Вот эти события и силы XIX века и воспел Киплинг. Им посвятил он романс, в котором подчеркивает и передает объективное стремление, отражает побуждения расы, ее деяния и традиции. Даже в речь несущихся под парами локомотивов вдохнул он нашу жизнь, наш дух, нашу сущность. Точно так же, как он является нашим глашатаем, так и они — его глашатаи. А романс человека XIX века, судя по тому, как он выразил себя в XIX веке — шестерней и валом, сталью и паром, дальними путешествиями и приключениями,
— был выражен Киплингом в блестящих песнях для грядущих веков. Если XIX век — век Хулигана, тогда Киплинг — голос Хулигана, потому что он является голосом XIX века. Кто же лучше его представляет XIX век? Мэри Джонстонnote 9, Чарльз Мэджорnote 10, Уинстон Черчилльnote 11? Брет Гартnote 12? Уильям Дин Хоуэллсnote 13? Джильберт Паркерnote 14?

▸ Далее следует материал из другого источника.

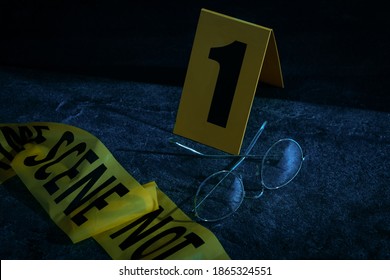 Glasses With Tape And Crime Scene Marker On Stone Table At Night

Кто из них по настоящему представляет жизнь XIX века? Если забудут Киплинга, то не вспомнят и «Д-ра Джекила и м-ра Хайда», «Похищенного» и «Дэвида Бэлфура» Льюиса Стивенсона? Конечно, забудут. «Остров сокровищ» Стивенсона станет классикой вместе с «Робинзоном Крузо», «Сквозь зеркало» и «Книгой джунглей». Его будут помнить за его очерки, его письма, за его философию жизни и просто самого по себе. Он будет горячо любим, как и был до сих пор горячо любим. Но за другие заслуги перед будущим, а не за те, о которых мы ведем речь. Ибо каждая эпоха имеет своего певца. Так же как Вальтер Скотт пел лебединую песнь рыцарству, а Диккенс бюргерскому страху поднимающегося класса торговцев, так и Киплинг, как никто другой, пел гимн господствующей буржуазии, военный марш белого человека, шагающего по земному шару, торжественную оду коммерции и империализму. За это его и будут помнить.
Окленд, Калифорния, октябрь, 1901 г.